Instructions to follow: Please write out exactly the lines of the data below from the line holding "103 Discovery Bay Court, Sequim, WA 98382" through the line holding "Linker achterportierlijst Citroen", and leave out the rest.
Record set START
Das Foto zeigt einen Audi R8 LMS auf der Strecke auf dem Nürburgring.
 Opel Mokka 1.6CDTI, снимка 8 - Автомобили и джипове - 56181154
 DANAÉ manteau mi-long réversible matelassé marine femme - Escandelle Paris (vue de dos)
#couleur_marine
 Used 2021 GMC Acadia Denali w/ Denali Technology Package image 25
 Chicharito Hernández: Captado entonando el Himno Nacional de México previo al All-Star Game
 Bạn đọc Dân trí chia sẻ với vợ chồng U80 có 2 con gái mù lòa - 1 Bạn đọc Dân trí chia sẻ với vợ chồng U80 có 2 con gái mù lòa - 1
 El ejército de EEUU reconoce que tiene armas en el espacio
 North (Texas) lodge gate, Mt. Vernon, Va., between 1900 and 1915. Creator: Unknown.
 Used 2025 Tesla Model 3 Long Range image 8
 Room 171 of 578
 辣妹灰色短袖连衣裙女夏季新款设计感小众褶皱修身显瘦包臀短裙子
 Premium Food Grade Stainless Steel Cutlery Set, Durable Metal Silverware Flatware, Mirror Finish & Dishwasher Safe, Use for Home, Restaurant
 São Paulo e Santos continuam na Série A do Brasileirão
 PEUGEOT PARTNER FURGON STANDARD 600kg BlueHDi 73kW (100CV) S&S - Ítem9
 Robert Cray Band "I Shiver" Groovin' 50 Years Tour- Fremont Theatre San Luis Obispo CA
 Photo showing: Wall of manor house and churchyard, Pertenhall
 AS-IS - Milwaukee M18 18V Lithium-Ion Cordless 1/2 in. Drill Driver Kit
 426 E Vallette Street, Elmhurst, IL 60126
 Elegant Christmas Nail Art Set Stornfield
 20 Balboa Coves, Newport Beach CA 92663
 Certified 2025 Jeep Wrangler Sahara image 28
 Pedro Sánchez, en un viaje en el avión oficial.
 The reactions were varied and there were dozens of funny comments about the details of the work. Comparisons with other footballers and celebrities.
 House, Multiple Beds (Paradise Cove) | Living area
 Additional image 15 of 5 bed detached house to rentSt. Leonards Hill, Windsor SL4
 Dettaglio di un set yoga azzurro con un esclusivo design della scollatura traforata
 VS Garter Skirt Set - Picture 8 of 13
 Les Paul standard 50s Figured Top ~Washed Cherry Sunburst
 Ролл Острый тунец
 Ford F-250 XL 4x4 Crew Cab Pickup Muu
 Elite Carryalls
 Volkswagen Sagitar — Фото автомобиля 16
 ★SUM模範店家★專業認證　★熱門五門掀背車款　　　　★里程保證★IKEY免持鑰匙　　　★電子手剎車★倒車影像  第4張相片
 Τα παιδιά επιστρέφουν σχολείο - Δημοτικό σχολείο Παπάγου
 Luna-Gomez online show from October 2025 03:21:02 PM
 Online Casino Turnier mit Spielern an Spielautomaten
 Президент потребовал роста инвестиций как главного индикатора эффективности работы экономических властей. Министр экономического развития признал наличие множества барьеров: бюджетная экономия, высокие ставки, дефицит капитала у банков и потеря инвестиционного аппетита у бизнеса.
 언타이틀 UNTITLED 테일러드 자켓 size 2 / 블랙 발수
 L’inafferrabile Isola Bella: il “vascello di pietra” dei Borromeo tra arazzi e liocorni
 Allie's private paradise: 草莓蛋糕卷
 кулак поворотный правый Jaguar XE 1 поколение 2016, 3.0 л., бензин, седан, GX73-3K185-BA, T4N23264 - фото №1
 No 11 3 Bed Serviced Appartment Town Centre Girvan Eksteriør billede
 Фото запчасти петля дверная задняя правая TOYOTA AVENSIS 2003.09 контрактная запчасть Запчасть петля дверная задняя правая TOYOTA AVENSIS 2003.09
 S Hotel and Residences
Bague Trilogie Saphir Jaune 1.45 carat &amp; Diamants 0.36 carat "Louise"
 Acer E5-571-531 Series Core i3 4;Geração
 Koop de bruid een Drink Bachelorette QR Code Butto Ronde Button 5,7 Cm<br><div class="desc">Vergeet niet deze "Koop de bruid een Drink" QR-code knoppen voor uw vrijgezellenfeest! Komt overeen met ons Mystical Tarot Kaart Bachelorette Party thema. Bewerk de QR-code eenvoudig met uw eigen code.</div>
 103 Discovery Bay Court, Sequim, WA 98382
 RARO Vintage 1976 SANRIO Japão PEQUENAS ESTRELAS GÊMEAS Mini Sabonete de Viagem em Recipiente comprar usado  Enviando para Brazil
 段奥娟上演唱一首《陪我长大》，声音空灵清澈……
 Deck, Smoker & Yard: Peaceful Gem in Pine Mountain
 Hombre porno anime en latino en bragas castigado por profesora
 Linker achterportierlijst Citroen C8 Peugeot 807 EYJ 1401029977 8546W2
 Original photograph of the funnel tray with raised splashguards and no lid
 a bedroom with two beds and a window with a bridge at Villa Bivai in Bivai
Record set END
Exercise output:
 103 Discovery Bay Court, Sequim, WA 98382
 RARO Vintage 1976 SANRIO Japão PEQUENAS ESTRELAS GÊMEAS Mini Sabonete de Viagem em Recipiente comprar usado  Enviando para Brazil
 段奥娟上演唱一首《陪我长大》，声音空灵清澈……
 Deck, Smoker & Yard: Peaceful Gem in Pine Mountain
 Hombre porno anime en latino en bragas castigado por profesora
 Linker achterportierlijst Citroen C8 Peugeot 807 EYJ 1401029977 8546W2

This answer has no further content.